I have a large data frame (200k rows) consisting of monthly trial data. Each variable records the result of the trial in that month; positive (1) or negative (0). The file also contains unique ids and a number of factor variables for use in analysis. Here is a simplified example for illustration:
w <- c(101, 0, 0, 0, 1, 1, 1, 5)
x <- c(102, 0, 0, 0, 0, 0, 0, 3)
y <- c(103, 1, 0, 0, 0, 0, 0, 2)
z <- c(104, 1, 1, 1, 0, 0, 0, 2)
dfrm <- data.frame(rbind(w,x,y,z), row.names = NULL)
names(dfrm) <- c("id","jan","feb","mar","apr","may","jun","start")
The trial participants all joined at different times; the final column is an index giving the column in which that participant's first trial result is recorded. Results for months prior to the participant joining are recorded as zeros (as in the first row of the example).
I want to identify the first sequence of three consecutive zeros per participant, and then return the position of the start of that 3-zero sequence; but limiting my search only to the columns since they started the trial (those from the index column onwards).

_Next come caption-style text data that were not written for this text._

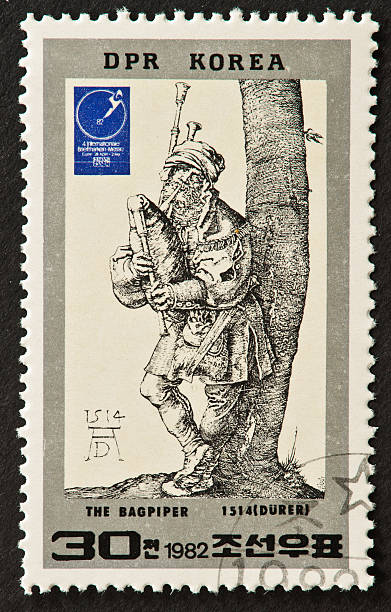 istock Durer's The Bagpiper Stamp 465723327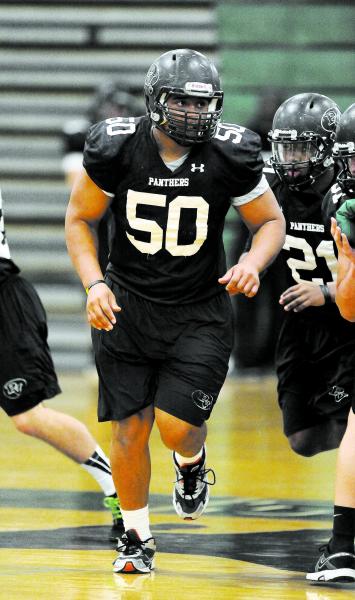 Palo Verde Panthers lineman Michael Hughes runs drills during football practice on Friday. H ...
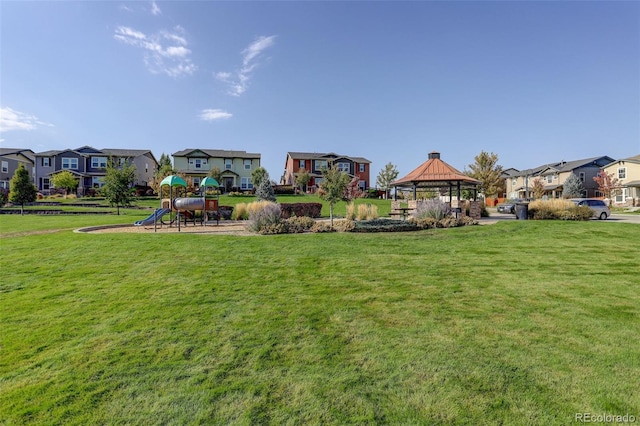 view of yard with playground community, a gazebo, and a residential view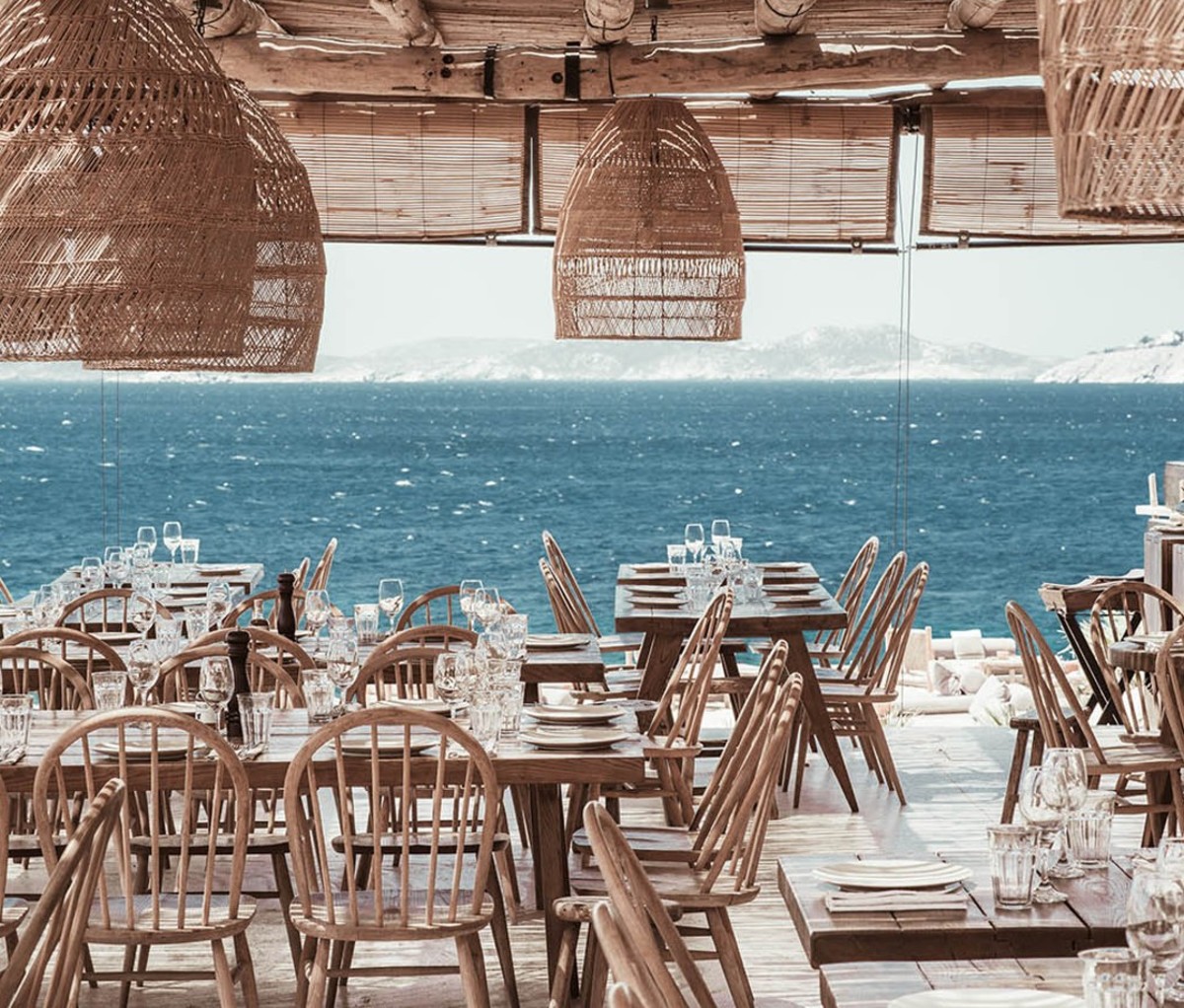 Seaside open-air restaurant with wood furniture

My approach - and I'm sure there are many - has been to split this into two tasks: writing NAs to those test results that occurred before the participant joined, using a for loop:
for (i in 1:nrow(dfrm)){
if(dfrm$start[i] > 2)
dfrm[i,2:(dfrm$start[i]-1)] <- NA
}
before using a match loop on the full range of data now that the rogue early zeros have been set to NA:
for (i in 1:nrow(dfrm)){
f <- match(c(0,0,0), dfrm[i,2:7])
dfrm$outputmth[i] <- f[1]
}
dfrm$outputmth <- dfrm$outputmth - (dfrm$start - 2)
Which is successful (I think) in generating my desired output: the first occurrence of 3 successive zeros per participant when active, and NA where no occurrence was found.
This involved some clunky workarounds; in particular the second loop returning a list of 3 values in f from which I have to select only the first item to populate dfrm$outputmth.
But more importantly, running this code on the full data set has taken around 30mins to execute. So, feeling a little embarassed, I'm hoping there is at least one more efficient way to write and run this?
Many thanks for any assistance.